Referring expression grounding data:
============================================================

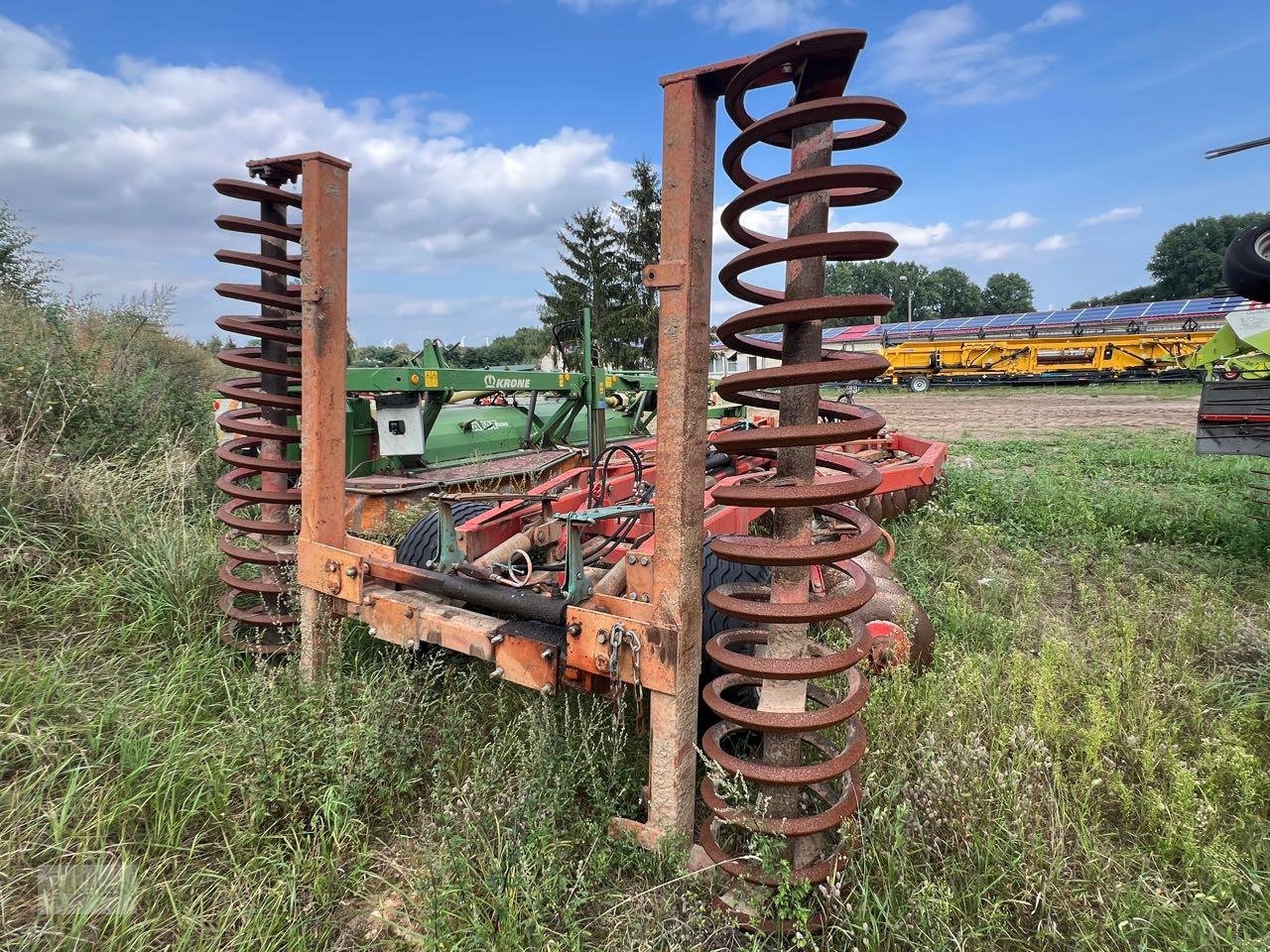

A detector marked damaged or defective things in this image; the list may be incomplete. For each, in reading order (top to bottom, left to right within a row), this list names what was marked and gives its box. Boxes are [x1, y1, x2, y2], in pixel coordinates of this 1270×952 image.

rusty spiral spring [213, 166, 306, 654]
rusty spiral spring [698, 28, 909, 900]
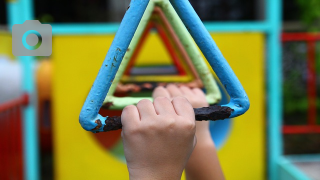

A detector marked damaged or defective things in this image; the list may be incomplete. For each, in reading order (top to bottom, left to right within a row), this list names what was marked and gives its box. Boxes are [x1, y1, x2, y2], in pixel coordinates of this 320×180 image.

chipped blue paint [79, 0, 250, 132]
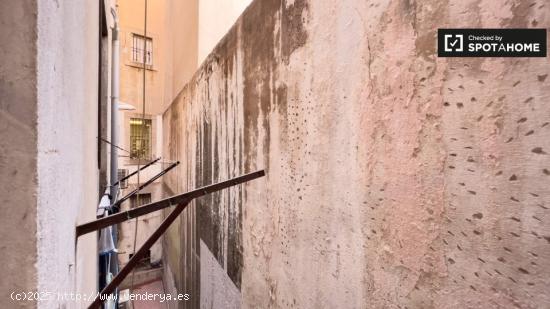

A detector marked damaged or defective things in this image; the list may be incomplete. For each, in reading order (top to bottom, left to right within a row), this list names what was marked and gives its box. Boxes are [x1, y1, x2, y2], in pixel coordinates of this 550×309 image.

rusted bracket [87, 170, 266, 306]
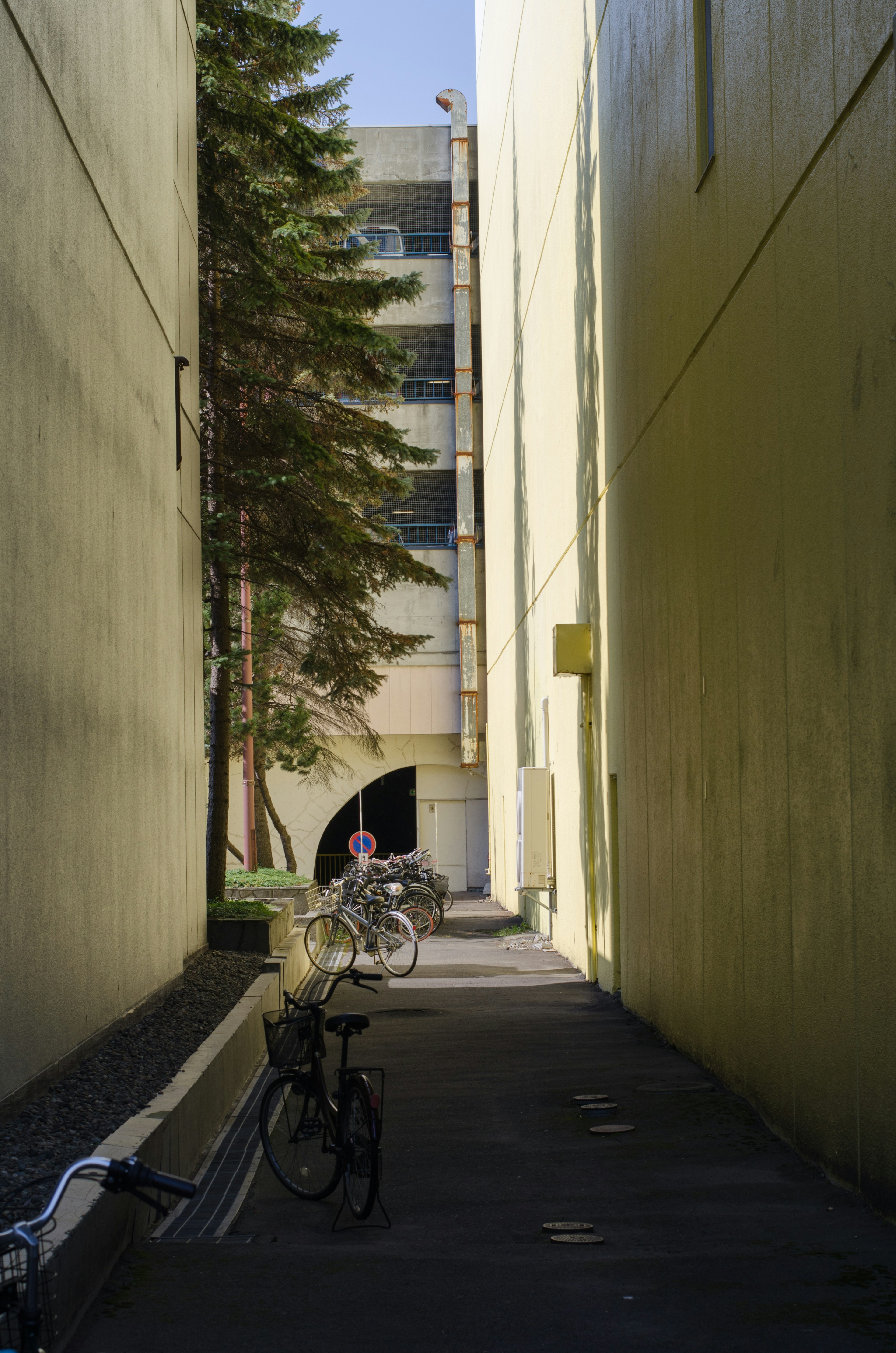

============================================================

Your task:
Using the records above, copy exactly and only the lines from the line with "this 320×180 image." through the end, both included; leave every picture out.

Task answer:
A detector marked damaged or defective things in this image; the list may be incomplete. For each, in reading order (top to bottom, left to right within a row), this list names what was marked and gives its box. Boxes are [x1, y1, x2, y2], in pixel coordinates of this 320×180 image.

chipped blue paint [79, 0, 250, 132]

A detector marked damaged or defective things in this image; the list may be incomplete. For each, in reading order (top to bottom, left to right within a row), this list names what was marked and gives its box. Boxes are [x1, y1, x2, y2], in pixel coordinates of this 550×309 image.

rusted bracket [87, 170, 266, 306]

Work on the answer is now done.